ASSIGNMENT
In the listing below, locate the line that contains "Several red-cobble-stones in" and the line that contains "A contemporary white villa and pool". Restate word for word those two lines and every line between them, and nothing else.

DATASET EXCERPTS
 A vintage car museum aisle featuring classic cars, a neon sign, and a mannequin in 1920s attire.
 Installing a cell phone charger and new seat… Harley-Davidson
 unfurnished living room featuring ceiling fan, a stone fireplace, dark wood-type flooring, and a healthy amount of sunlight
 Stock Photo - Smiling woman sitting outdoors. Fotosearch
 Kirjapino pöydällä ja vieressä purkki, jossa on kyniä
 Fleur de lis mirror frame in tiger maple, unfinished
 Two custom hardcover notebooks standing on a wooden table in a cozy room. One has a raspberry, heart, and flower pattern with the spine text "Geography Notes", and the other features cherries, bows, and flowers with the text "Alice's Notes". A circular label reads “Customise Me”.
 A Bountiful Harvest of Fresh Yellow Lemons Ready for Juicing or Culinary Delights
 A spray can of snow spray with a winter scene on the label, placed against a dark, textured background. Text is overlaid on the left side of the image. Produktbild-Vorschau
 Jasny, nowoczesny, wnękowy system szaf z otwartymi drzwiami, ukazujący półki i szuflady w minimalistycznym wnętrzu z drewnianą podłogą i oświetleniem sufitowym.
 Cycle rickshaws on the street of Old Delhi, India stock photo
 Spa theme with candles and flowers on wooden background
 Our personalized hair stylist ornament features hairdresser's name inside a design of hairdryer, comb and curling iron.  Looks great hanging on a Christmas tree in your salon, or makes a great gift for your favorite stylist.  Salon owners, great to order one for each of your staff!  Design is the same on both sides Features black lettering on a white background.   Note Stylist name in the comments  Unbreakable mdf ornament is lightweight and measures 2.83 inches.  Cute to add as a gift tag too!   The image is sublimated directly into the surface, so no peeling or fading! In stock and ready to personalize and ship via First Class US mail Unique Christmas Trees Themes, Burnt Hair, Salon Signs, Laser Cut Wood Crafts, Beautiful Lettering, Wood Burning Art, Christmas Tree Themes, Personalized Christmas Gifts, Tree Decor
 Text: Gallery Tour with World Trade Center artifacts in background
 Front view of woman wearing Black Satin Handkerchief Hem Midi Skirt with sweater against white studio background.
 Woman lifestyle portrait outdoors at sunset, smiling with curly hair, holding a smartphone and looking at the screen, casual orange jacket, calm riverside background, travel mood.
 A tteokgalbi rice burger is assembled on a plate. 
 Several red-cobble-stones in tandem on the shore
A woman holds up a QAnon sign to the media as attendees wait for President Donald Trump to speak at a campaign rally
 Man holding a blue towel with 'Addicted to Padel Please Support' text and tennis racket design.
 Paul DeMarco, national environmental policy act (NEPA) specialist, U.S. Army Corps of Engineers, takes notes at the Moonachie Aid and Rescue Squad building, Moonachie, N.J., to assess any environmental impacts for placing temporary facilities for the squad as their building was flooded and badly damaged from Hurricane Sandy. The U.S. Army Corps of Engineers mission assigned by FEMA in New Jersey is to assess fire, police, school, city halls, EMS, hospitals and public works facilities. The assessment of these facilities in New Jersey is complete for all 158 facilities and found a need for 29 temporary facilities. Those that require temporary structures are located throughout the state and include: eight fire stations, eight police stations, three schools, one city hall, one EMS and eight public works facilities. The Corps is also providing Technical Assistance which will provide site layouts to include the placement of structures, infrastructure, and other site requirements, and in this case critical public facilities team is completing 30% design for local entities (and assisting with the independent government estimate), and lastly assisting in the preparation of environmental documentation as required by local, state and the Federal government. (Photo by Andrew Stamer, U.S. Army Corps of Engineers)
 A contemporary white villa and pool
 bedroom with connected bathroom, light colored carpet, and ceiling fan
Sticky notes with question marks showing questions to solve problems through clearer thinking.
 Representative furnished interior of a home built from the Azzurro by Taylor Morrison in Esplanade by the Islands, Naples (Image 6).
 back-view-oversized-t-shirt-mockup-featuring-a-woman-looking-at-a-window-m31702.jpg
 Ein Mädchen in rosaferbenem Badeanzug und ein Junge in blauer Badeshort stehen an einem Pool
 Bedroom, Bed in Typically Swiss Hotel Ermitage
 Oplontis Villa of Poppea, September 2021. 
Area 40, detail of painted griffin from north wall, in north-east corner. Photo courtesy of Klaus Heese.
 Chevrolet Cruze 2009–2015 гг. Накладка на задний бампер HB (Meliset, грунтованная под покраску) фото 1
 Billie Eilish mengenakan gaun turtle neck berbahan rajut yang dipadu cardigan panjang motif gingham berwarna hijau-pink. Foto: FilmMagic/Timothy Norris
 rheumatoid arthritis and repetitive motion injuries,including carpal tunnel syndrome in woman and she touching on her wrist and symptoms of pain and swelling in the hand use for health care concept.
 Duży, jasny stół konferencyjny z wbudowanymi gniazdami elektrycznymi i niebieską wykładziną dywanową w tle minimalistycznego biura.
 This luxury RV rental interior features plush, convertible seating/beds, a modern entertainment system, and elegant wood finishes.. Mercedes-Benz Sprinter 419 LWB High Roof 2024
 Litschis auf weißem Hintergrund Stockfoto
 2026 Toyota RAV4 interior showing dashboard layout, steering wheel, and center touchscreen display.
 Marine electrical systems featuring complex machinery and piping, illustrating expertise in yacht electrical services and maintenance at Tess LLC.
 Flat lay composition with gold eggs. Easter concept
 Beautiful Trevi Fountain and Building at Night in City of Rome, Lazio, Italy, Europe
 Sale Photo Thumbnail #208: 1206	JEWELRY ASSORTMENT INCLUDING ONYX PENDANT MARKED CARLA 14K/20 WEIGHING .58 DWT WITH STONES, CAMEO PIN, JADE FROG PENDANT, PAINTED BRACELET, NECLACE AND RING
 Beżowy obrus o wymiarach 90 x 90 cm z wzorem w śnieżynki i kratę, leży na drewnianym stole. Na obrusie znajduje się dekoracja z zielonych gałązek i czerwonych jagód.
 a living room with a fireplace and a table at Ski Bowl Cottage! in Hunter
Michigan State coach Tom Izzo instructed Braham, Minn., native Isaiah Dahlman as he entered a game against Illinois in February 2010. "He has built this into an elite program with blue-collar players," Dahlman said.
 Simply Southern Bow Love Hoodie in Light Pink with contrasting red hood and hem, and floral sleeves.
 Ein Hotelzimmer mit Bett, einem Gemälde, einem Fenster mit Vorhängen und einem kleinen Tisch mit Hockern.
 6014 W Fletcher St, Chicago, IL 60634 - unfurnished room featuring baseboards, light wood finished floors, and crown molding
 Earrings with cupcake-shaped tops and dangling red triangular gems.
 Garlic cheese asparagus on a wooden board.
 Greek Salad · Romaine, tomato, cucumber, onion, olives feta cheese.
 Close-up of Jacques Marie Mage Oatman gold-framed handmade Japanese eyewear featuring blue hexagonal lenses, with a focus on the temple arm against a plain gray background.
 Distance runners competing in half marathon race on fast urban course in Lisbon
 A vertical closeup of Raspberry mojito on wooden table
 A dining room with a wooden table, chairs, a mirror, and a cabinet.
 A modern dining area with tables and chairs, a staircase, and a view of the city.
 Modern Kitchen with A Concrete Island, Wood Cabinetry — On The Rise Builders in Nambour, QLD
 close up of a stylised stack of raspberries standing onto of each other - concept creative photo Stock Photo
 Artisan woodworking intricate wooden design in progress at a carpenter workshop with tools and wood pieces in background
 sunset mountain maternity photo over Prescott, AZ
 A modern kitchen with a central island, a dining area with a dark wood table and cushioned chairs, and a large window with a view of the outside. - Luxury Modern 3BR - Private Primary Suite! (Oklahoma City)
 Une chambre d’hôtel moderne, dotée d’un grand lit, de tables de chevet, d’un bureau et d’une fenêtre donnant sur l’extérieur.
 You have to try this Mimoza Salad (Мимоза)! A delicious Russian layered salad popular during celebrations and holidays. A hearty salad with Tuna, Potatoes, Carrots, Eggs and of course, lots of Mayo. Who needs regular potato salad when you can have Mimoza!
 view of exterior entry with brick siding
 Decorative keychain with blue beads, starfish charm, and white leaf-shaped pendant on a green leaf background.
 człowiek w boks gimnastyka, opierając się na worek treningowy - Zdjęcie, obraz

ANSWER
 Several red-cobble-stones in tandem on the shore
A woman holds up a QAnon sign to the media as attendees wait for President Donald Trump to speak at a campaign rally
 Man holding a blue towel with 'Addicted to Padel Please Support' text and tennis racket design.
 Paul DeMarco, national environmental policy act (NEPA) specialist, U.S. Army Corps of Engineers, takes notes at the Moonachie Aid and Rescue Squad building, Moonachie, N.J., to assess any environmental impacts for placing temporary facilities for the squad as their building was flooded and badly damaged from Hurricane Sandy. The U.S. Army Corps of Engineers mission assigned by FEMA in New Jersey is to assess fire, police, school, city halls, EMS, hospitals and public works facilities. The assessment of these facilities in New Jersey is complete for all 158 facilities and found a need for 29 temporary facilities. Those that require temporary structures are located throughout the state and include: eight fire stations, eight police stations, three schools, one city hall, one EMS and eight public works facilities. The Corps is also providing Technical Assistance which will provide site layouts to include the placement of structures, infrastructure, and other site requirements, and in this case critical public facilities team is completing 30% design for local entities (and assisting with the independent government estimate), and lastly assisting in the preparation of environmental documentation as required by local, state and the Federal government. (Photo by Andrew Stamer, U.S. Army Corps of Engineers)
 A contemporary white villa and pool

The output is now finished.